I use to have fairly large bon fires with my buddies. Now it just mostly regular bon fires with the kids and wife in the bark yard.
both have great memories.
chuck


----------



## PapaDave (May 22, 2012)

Nice.
I've wanted to have a pit fire since before the snow melt. It's either been too wet, or it's raining, or it's too windy, or like it's been for at least 2 weeks......too dry.
When's baby bear gonna' show up so I can have conditions that are 'just right"?
The buildup in the pit is really getting a bit crazy.
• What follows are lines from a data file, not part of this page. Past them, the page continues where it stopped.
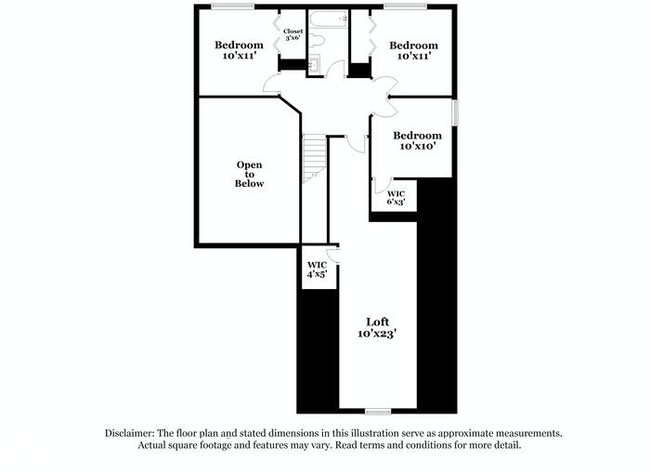 Building Photo - 4180 Clarks Tr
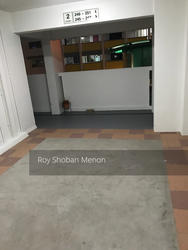 Blk 403 Fajar Road (Bukit Panjang), HDB 4 Rooms #146479882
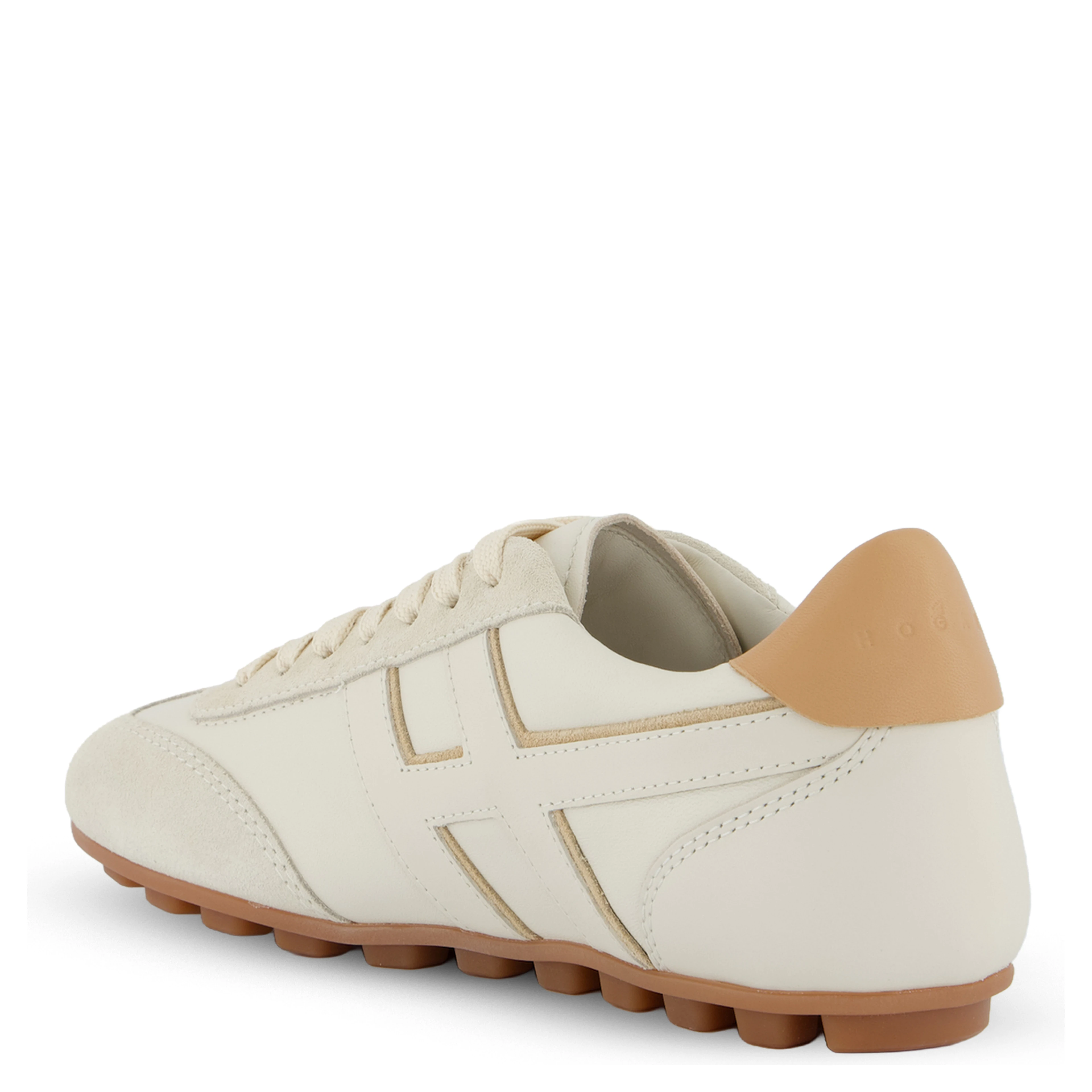 HOGAN Sneakers White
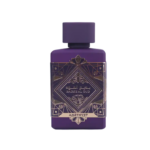 ادو پرفیوم زنانه لطافه Badee Al Oud Amethyst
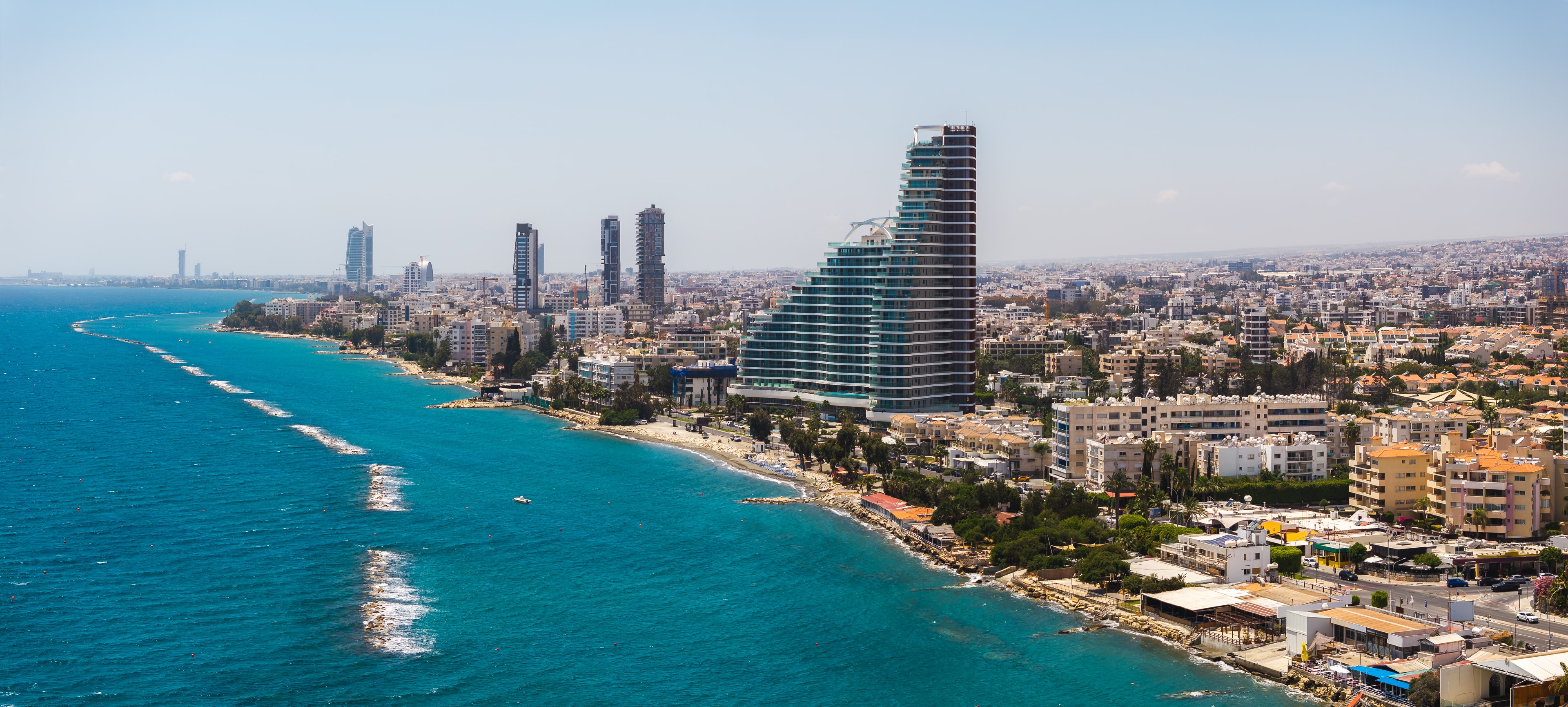  easiest countries to open business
I WANT fire!


----------



## Adios Pantalones (May 22, 2012)

Looks like you melted the wheel on that thing- that's some heat!


----------



## ScotO (May 22, 2012)

Posts in another thread but here's our pit.  We do several fires a week throughout the summer.  Nothing like a fire out back!


----------



## xman23 (May 22, 2012)

Adios Pantalones said:


> Looks like you melted the wheel on that thing- that's some heat!
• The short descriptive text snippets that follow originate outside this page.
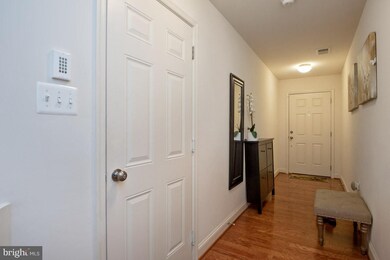 5103 Shamrocks Delight Dr unit 92A, Bowie, MD 20720 - photo 4
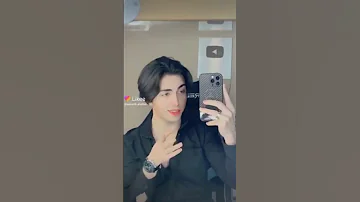 حدي يالو انو بحبو 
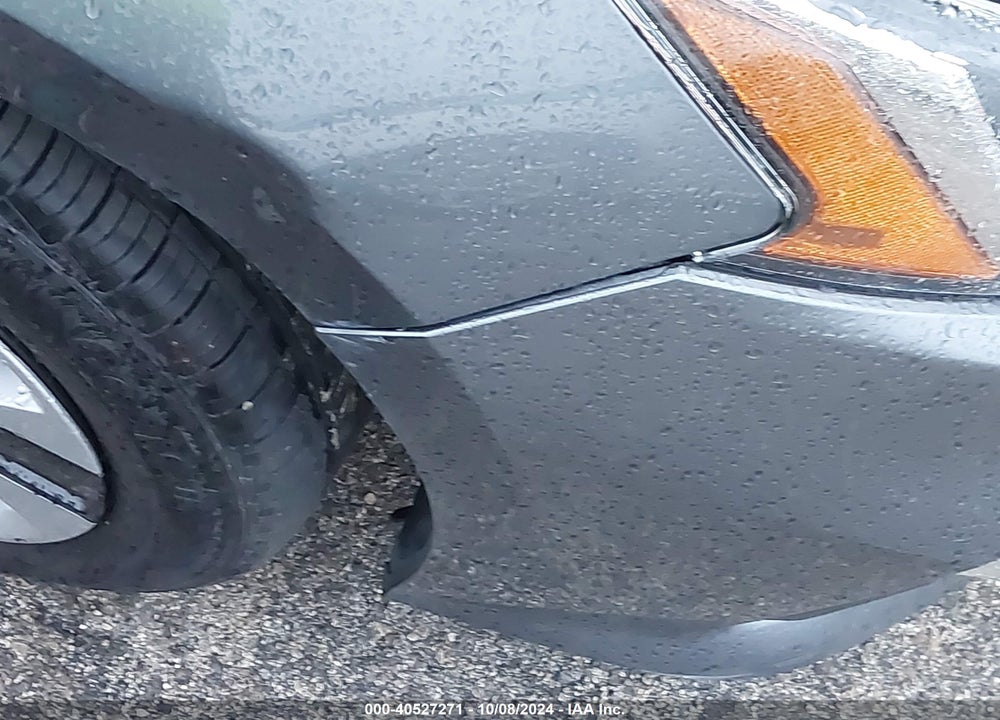 2019 NISSAN ALTIMA 2.5 S VIN: 1N4BL4BV6KN328941
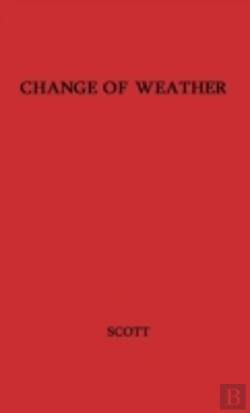 Bertrand.pt - Change Of Weather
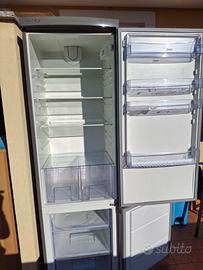 frigorifero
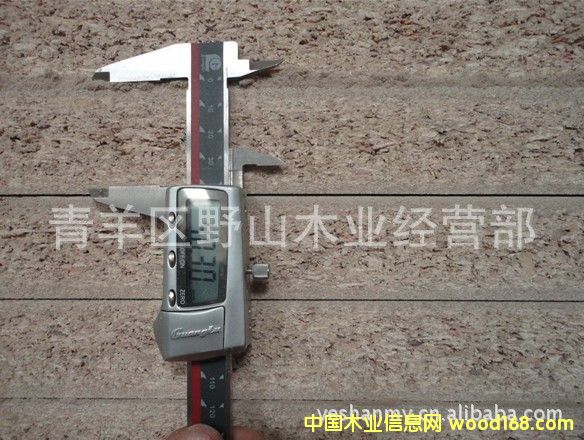 �ɶ��ٻ����Ԕ��(x��)��B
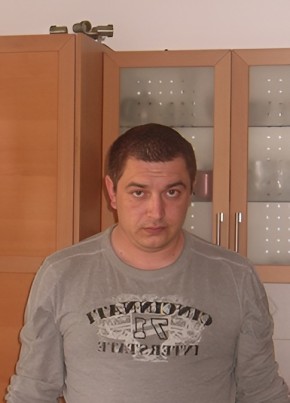 RamblerDating profile picture for @websites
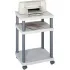 Plastic Printer Stands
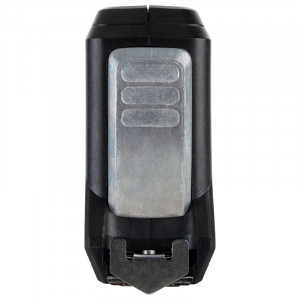 Ruleta SOLA pentru masuratori din colt si diametre, TALMETER TAL 3 - Img 5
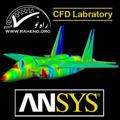 CFD Labratory
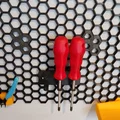 Giá đỡ tua vít HSW (HSW Screwdriver Holder) - Thumbnail 1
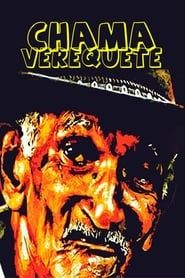 Chama Verequete series tv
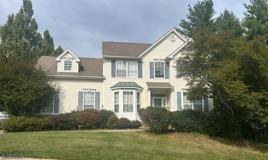 216 Winding Hill Dr - Photo 1 of 1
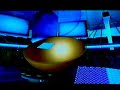 Super Monkey Ball Deluxe - Preview - Part 5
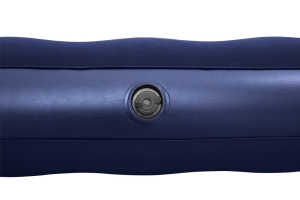 Nafukovací matrace Air Mattress Queen 2.03m x 1.52m x 22 cm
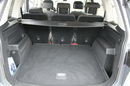 Volkswagen Touran 2.0 TDI Comfortline F-VAT Salon Polska zdjęcie 13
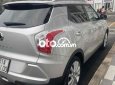 Ssangyong TiVoLi em cần bán xe nhập hàn quốc 2017 - em cần bán xe nhập hàn quốc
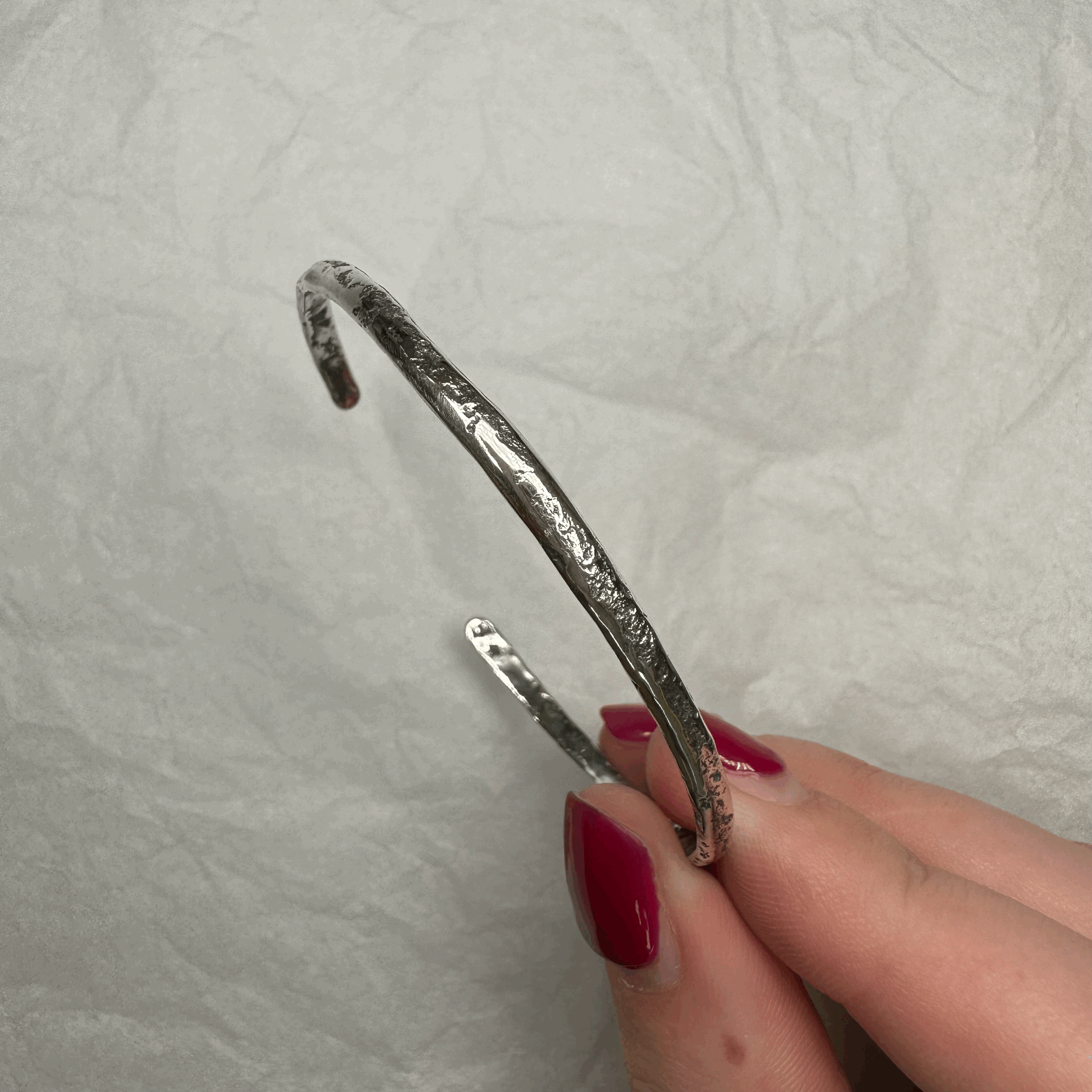 tempImageQs9y3M.gif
 Yep the wheels have taken some heat.  This pit used to have a propane bottle hanging off the bottom for starting the fire. Worked great.  A bit scarry knowing the kind of fires we have. I glad it broke off. Can't wait for the summer, sittin around the fire sipping on a bottle of red. It dosen't get any better


----------



## save$ (May 22, 2012)

We used to only hava a fire while camping.  Then these back yard fire pits came along. Now enjoy a back yard fire during the day at home.  Nice use of tree trimmings and brush clean up.  We have two acres of a mostly wooded lot so there is no shortage of stuff to burn.   That is about the only time the wife doesn't demand the tv be on!


----------



## smoke show (May 22, 2012)

xman23 said:


> Im sure you guys have some better burns, lets see the pictures.


 






misc fire pics from camping to land clean up.


----------



## Gasifier (May 23, 2012)

Nice fires.Don't you guys get enough of this during the winter?

I have a nice size one ready. This Saturday night I think. The kids have been hounding me about a bon fire. Smores on the mind.


----------



## ScotO (May 23, 2012)

Gasifier said:


> Nice fires.Don't you guys get enough of this during the winter?
> 
> I have a nice size one ready. This Saturday night I think. The kids have been hounding me about a bon fire. Smores on the mind.


I NEVER get tired of fire!!


----------



## Gasifier (May 23, 2012)

Scotty Overkill said:


> I NEVER get tired of fire!!


 I hear ya Scotty. Well, at least it is good to see Tom has that fire "contained"!


----------